I was thrilled to do a reading at the National Short Story Day in Manchester. This was the first of a fantastic UK wide event, held annually on 21st December - the shortest day of the year. See what they did there? It promised to be ‘a celebration of prose’s short-yet-perfectly-crafted form’ and it was. Comma Press hosted the event at MaDlab in the Northern Quarter; a quirky gem of a venue which required eagle eyes and a secret knock to gain access - only the coolest literary types, or the most determined wannabes (i.e. me) got in. There were two other fantastic writers: flash fiction master and novelist David Gaffney and poet, writer and accomplished performer Michelle Green. I read second, after David’s brilliant PowerPoint flash fiction and before Michelle’s evocative and moving story extract. I like to think I was a suspicious, untested filling in an otherwise delectable sandwich (think own-brand squeezy cheese on ciabatta roll – uncertain, but it could just work) People clapped at the end which is always a good sign (unless it’s slow and menacing) and I was totally thrilled to be appearing with two great, established writers and to have the opportunity to read my work. And the Gluhwein was delicious. It was a superb event and one to watch out for next December.
           
What else made Christmas? Singing our annual rendition of Fairytale of New York with my brother and sister-in-law until the neighbours complained. We were delighted to see them (brother and sis, not neighbours, although they’re very nice, too) as they’d flown in on a pause from their sailing trip, currently stationed in Sicily on their beautiful boat, Planet. My sister-in-law is also a writer, so we had lots of time to rant about semicolon abuse; and plot how we would both bombard Mslexia magazine with submissions until they caved in and accepted our work.

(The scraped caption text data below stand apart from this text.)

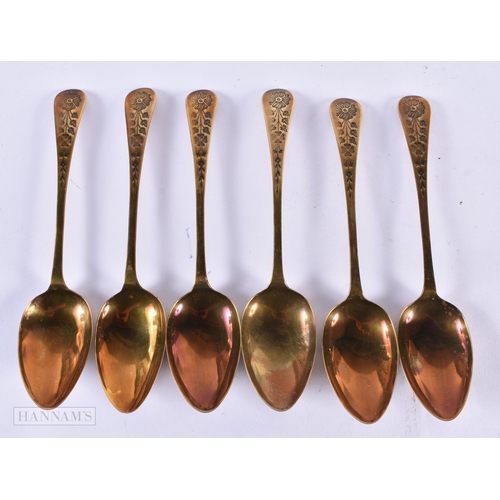 464 - A SET OF SIX GEORGE III LONDON YELLOW METAL SPOONS. 232 grams. 22 cm long. (6)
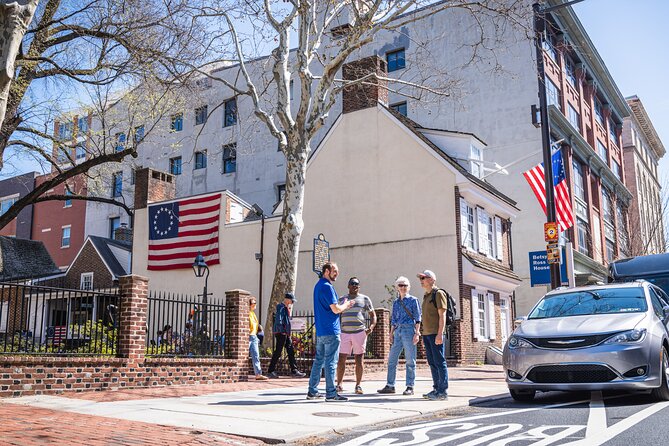 90 Minute History Walking Tour of Old City Philadelphia - Elfreth’s Alley: the 1700s street you can actually walk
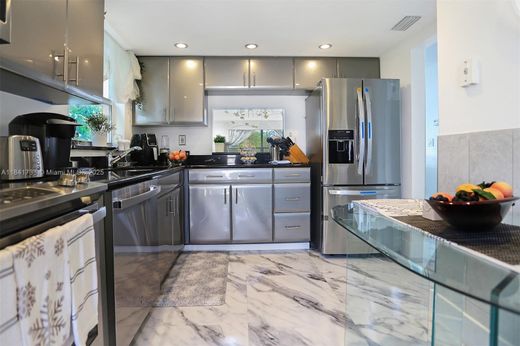 Residential complexes in Margate, Broward County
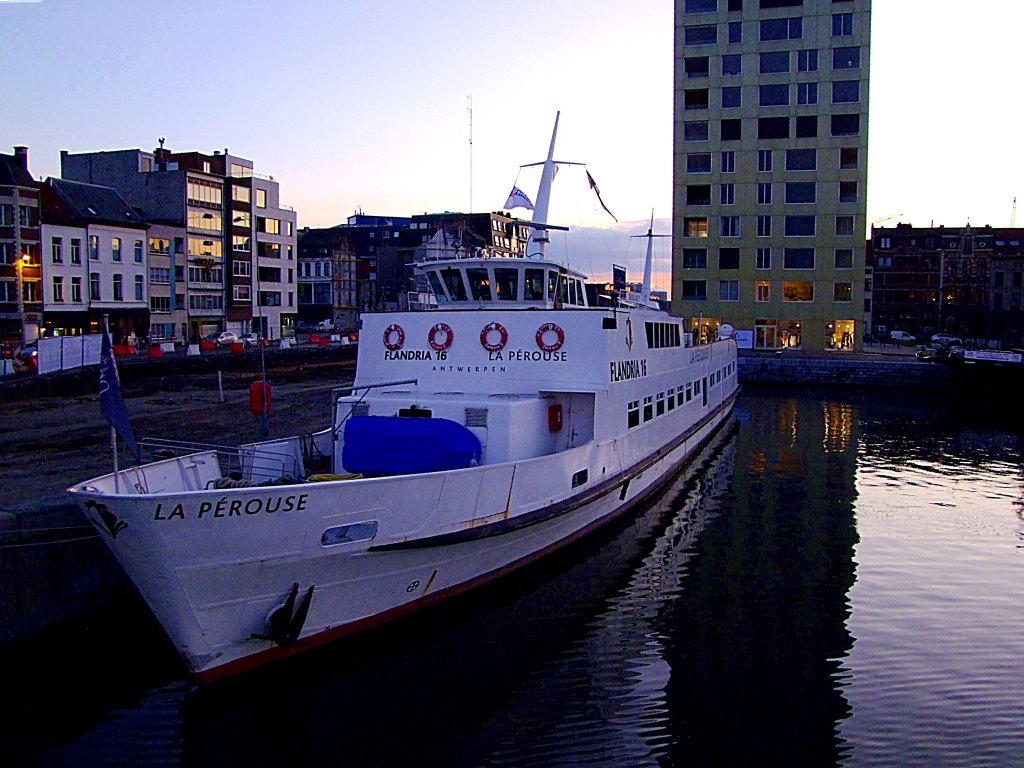 Flandria 16(ENI 06004057; L=61;B=8mtr; 2x674PS; Bj.1951) verbringt in einem Hafenbecken von Antwerpen ihre Nachtruhe; 110830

Finally, it wouldn’t have been Christmas without mass chutney making.
Every year I make chutney and gift it to anyone who I think is too polite to decline it. Every year I have the same anxiety dream that I have somehow bred botulism in the sterilised jars and wake in a cold sweat. I then go downstairs and make a large cheese and chutney sandwich, eat it and sit nervously waiting for signs of paralysis. All clear this year.

Now, looking forward to the weeks ahead, I will be developing a themed short fiction collection, and flinging stories out, until something sticks. And applying for Come Dine With Me.

Today, I’m working on a short story that features, briefly, the decomposing carcasses of garden birds. It’s an unsavoury little tale. Uncertain how long it would take for the flesh of a small bird to entirely disappear, and in the name of research, I googled for images of ‘decaying sparrows’ and ‘rotting starlings’. No doubt the googlegods in their silicon e-tower have my card marked. At least I wasn’t looking up dead chicks. I think that’s a different thing entirely.